Fort Worth ISD revamp starts at top, goes to core
In more than a year of searching for a new superintendent, Fort Worth ISD trustees looked exhaustively for an agent of change, someone who could come in and improve every aspect of district operations, particularly at 21 chronically low-performing schools.
On Tuesday, it began to look like they found that change agent when they hired Kent Scribner. At least he knows how to lay out an extensive and thoughtful plan for needed improvements.
Scribner officially started as FWISD superintendent on Oct. 15. He dove into learning about the district’s structure and peculiarities, and he gave trustees what he calls “Phase 1” of his change plan on Tuesday.
It starts with trimming jobs from the top. Scribner will cut his top-level staff from 20 administrators to 10.
Armchair school reformers typically suggest that move as a way to return money to taxpayers. Scribner wants to plow the $1.3 million in savings into additional resources at those 21 schools rated “improvement required” under the state accountability system.
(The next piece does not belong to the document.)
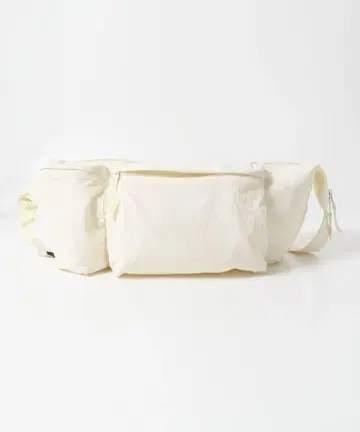 [미사용 새상품] KBF 아웃포켓 숄더 BAG 아이보리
More about how he’d spend it should come out this spring when the district puts together its new budget.
The upper-echelon cuts come because Scribner doesn’t want so many administrators between him and the schools. But another part of his plan also is telling.
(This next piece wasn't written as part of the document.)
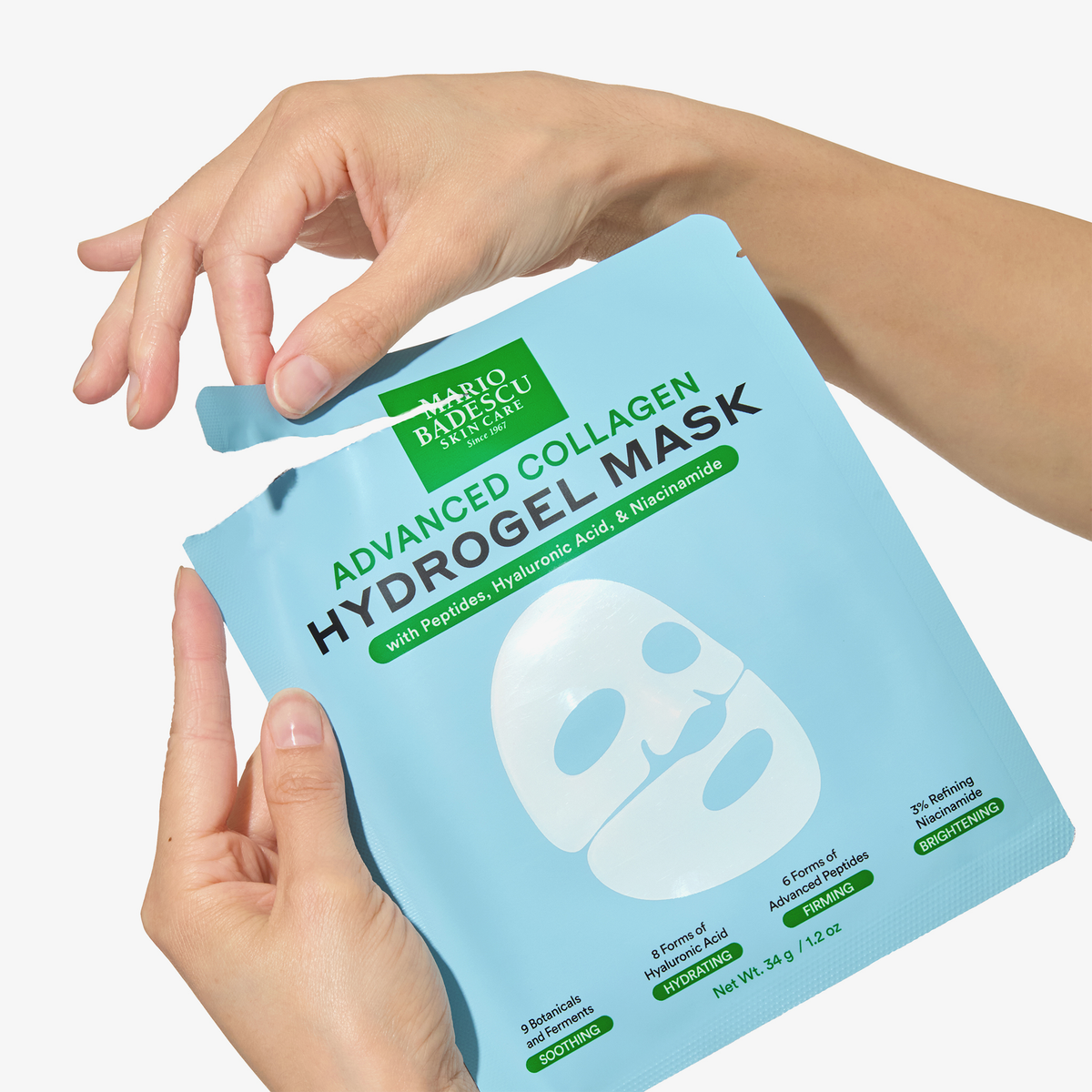 Die Hände öffnen eine blaue Packung der Mario Badescu Advanced Collagen Hydrogel Mask 3er Pack.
He points to the 70 teacher support professionals housed at the central administration building. They fan out daily to schools across the district and help teachers and administrators solve problems.
Scribner wants to station them all permanently in schools with the greatest need — those 21 “improvement required” campuses.
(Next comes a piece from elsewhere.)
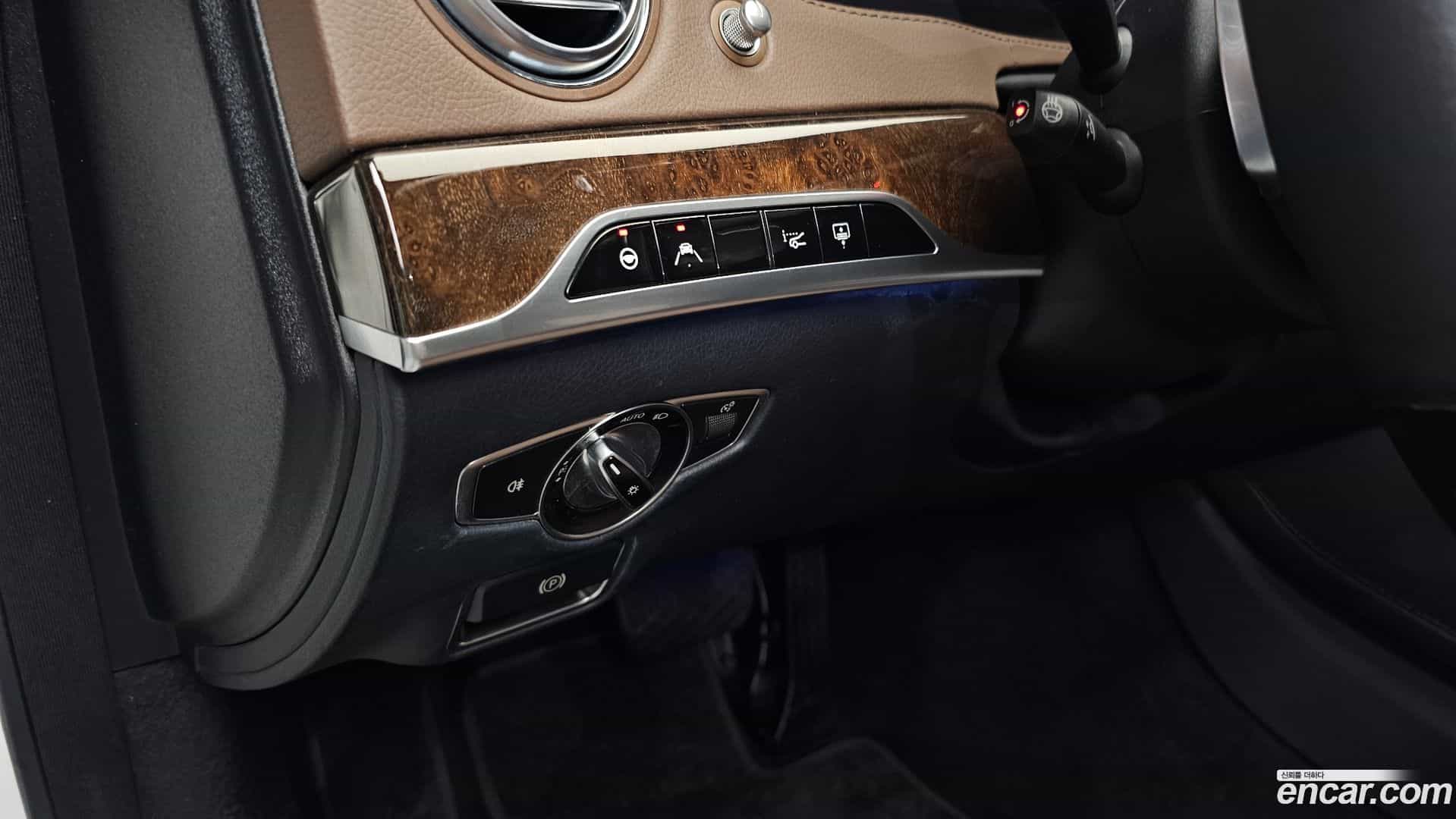 S-Class Mercedes-Benz 2018.4-OPTION-043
There’s more to his personnel and program shakeup, but that’s enough to show the new superintendent has firm ideas about the organizational structure he wants.
What may cause more of a stir is the educational philosophy those changes reveal.
The school board has nine trustees, each elected from an individual geographic area. It’s natural that each tends to push for things that are important to people in the area they represent. But that’s not Scribner’s vision.
“I want us to build one Fort Worth ISD,” he says. He wants to see the board “move away from adult conflicts” and focus on student achievement all across the district.
Now it’s time to see whether the trustees are willing to stand behind the change agent they hired.